# Questions about hopping up a Parma controller



## TX Street Racer (May 8, 2004)

Good morning everyone, I have been wanting to purchase a good HO controller for a long time. I currently run Parma econo's....but the ohms are waay off. 

I have strongly considered buying one of BRP's Nitro controllers.....but this morning I've been sitting here browsing some sites with controllers for sale....and I stumbled onto something which got me to thinking. Why not just build up my own controller???

Ideally, I'd use a BRP 120 ohm resistor....BUT, I'm considering buying a Parma HO plus controller and swap resistors out.Also, I found that " SlotProSpeedway.com " sells a really nice reasonably priced "brake pot" and knob.

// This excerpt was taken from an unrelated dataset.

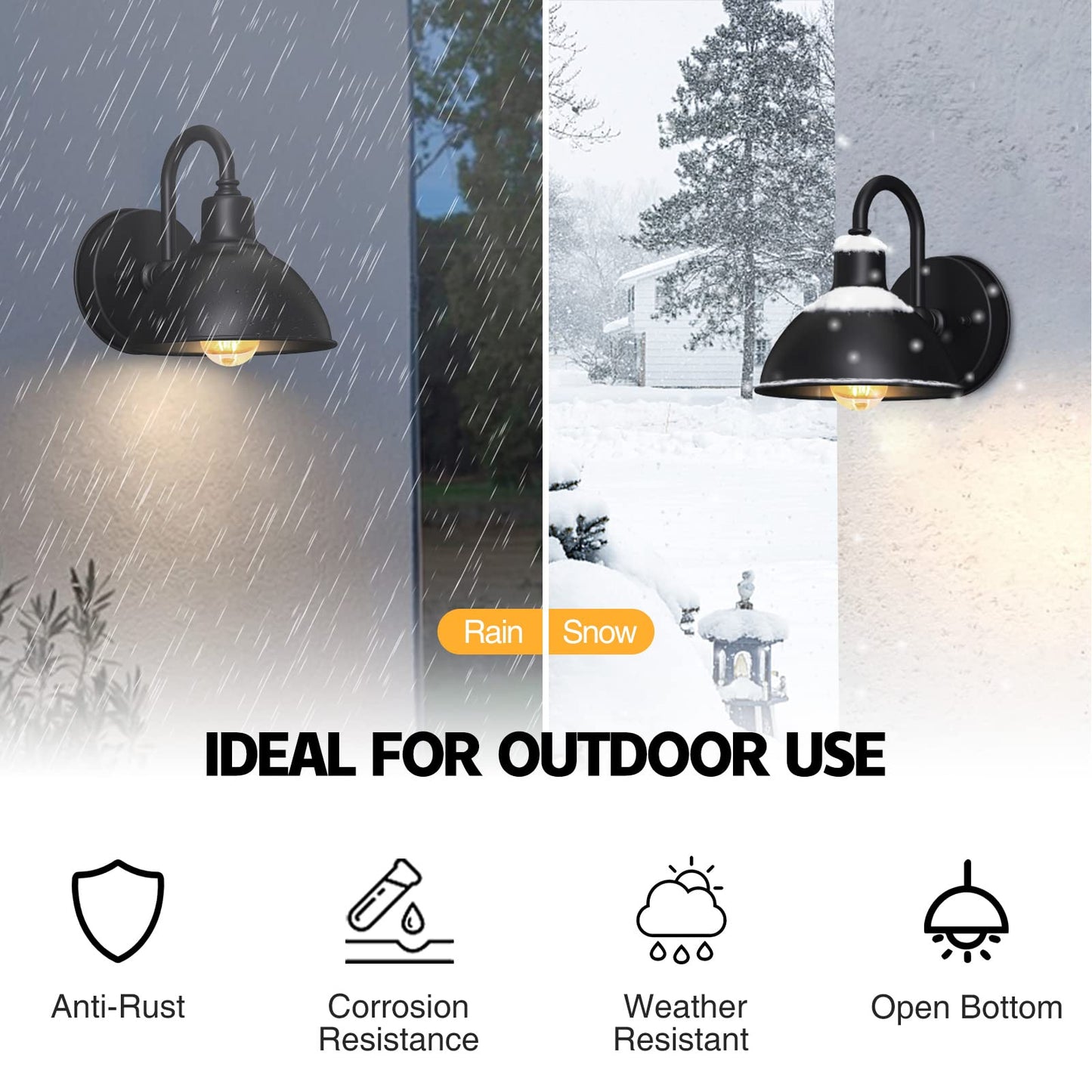 Naurham Barn Light Gooseneck Light- Small Farmhouse Outdoor Lighting, 1-Light Outdoor Gooseneck Lighting Farmhouse Wall Sconce for Patio Porch Garage (6.4" Diameter, 1pc)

Ideally, I'd also add built in fuse protection.....just like the nitro controllers that BRP uses in thier controllers.

Does anyone have any experience with the Parma HO plus controller??? I like the fact that it has an aluminum frame and heatsink.......but I'd like to know if anyone thinks that the brake pot and fuse protection would fit......

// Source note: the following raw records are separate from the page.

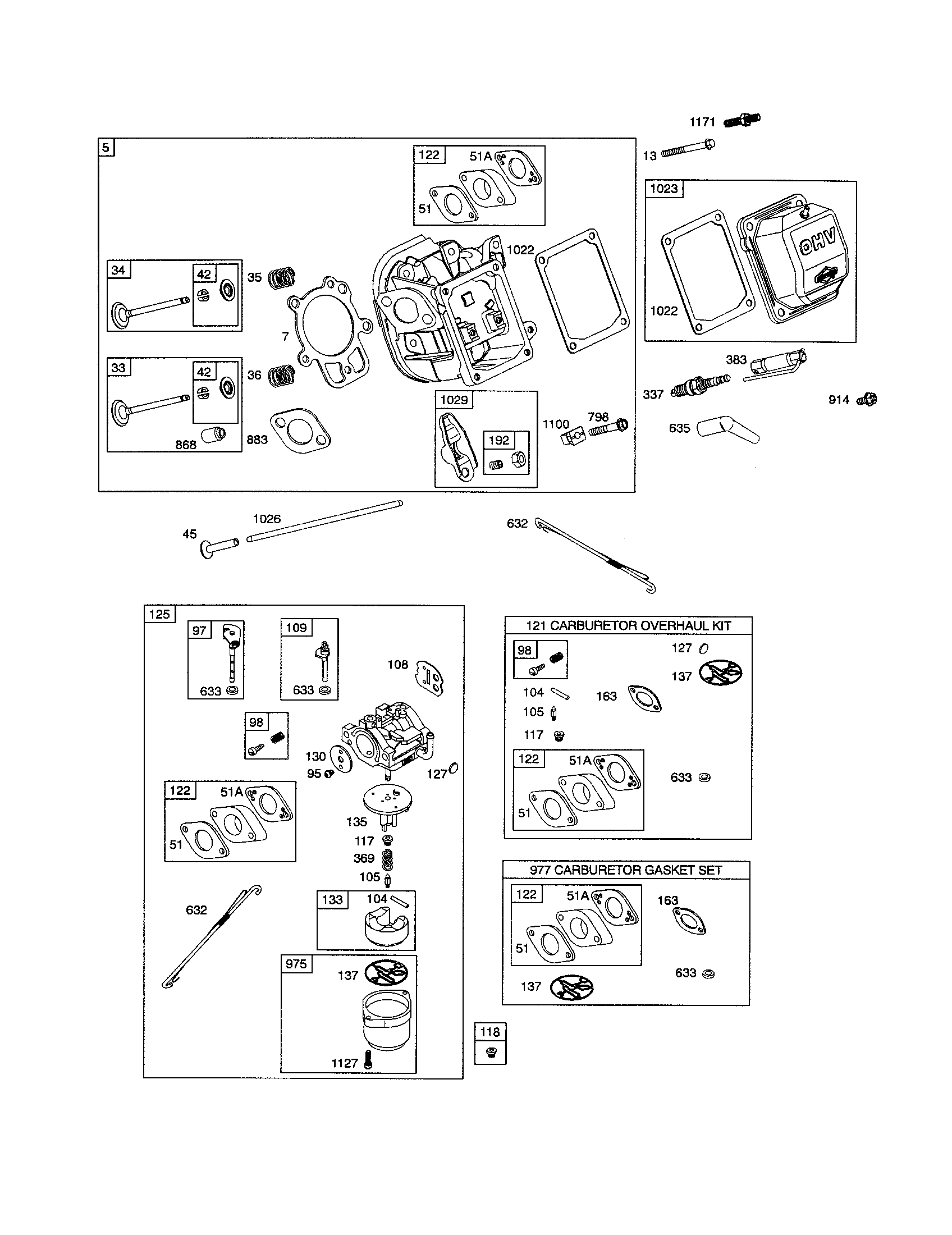Craftsman 917881063 carburetor/head-cylinder diagram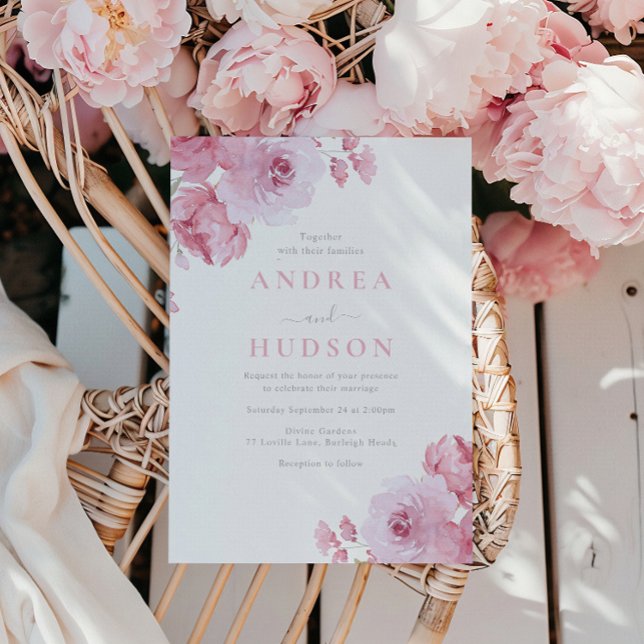 Blush Pink Floral Watercolor Hochzeit Einladung (Von Creator hochgeladen)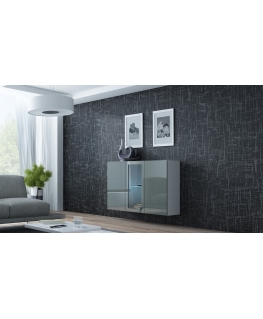 Cama puhvetkapp VIGO 90/120/38 valge / hall läikiv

ALSO, does the HO plus controller use a standard type of controller case??? Reason I ask is I'd like to find one of those old vintage parma green glitter housings for it 

I look at it like this guys.....I love slots,intend to hang with this hobby for years and years....so why not build the controller I want. I know that I could just go buy a difalco or something......but that's not what I want  


Sorry for the rambling...hopefully this post and my questions will make sense to someone....lol

Brian


----------



## dlw (Aug 17, 1999)

HoWorld.net has a step-by-step article on how to make your 120 ohm controller into a 7-settings adjustable controller.

http://www.howorld.net


----------



## TX Street Racer (May 8, 2004)

dlw said:


> HoWorld.net has a step-by-step article on how to make your 120 ohm controller into a 7-settings adjustable controller.
> 
> http://www.howorld.net



THANKS for the reply, I do have that info stashed in my links....But I'm in need of some more specific info pertaining to this actual controller itself.....


----------



## Manning (Mar 2, 2004)

The handles have been the same for at least 10 years. I have had 6 different Parma controllers, and not noticed any differences. If there are differences, it's very subtle. 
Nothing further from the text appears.